An exact copy of all the lines below is required, with every image left out.

> **Recorded information**
..............................
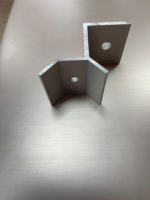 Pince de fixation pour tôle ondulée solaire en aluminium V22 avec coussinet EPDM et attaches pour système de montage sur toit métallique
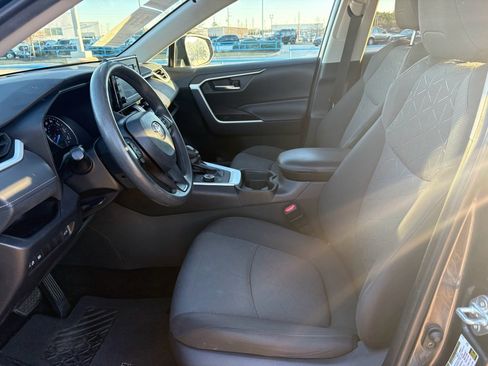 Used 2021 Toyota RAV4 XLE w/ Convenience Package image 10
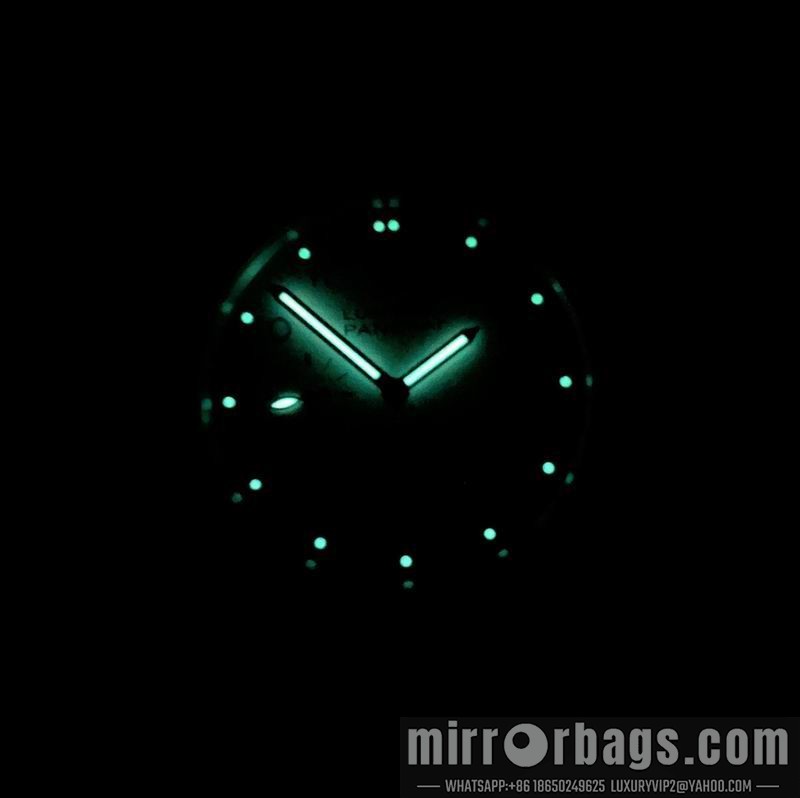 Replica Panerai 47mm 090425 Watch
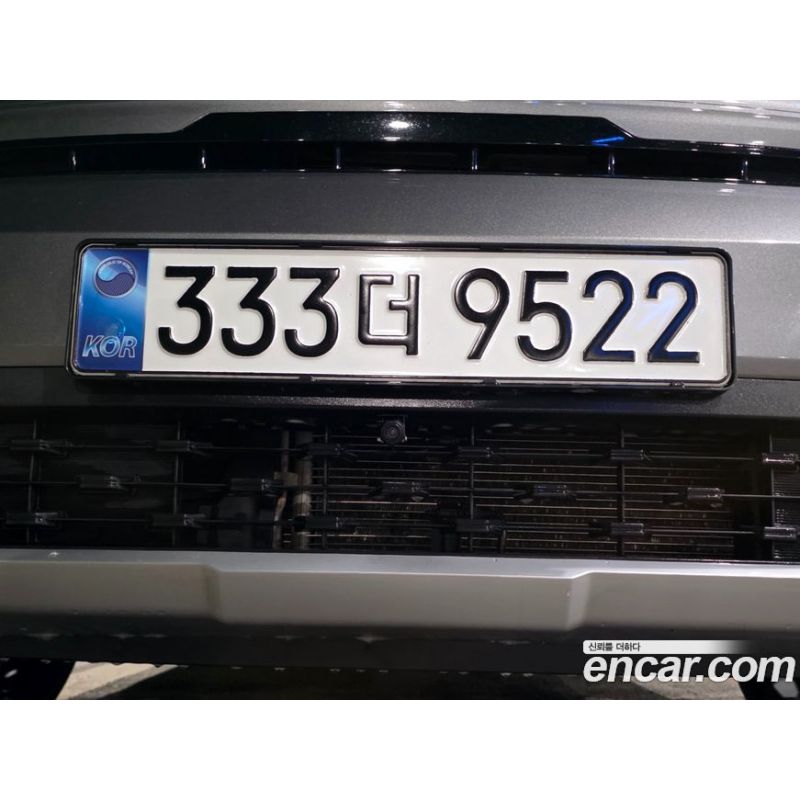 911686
..............................
> **Result**
 Pince de fixation pour tôle ondulée solaire en aluminium V22 avec coussinet EPDM et attaches pour système de montage sur toit métallique
 Used 2021 Toyota RAV4 XLE w/ Convenience Package image 10
 Replica Panerai 47mm 090425 Watch
 911686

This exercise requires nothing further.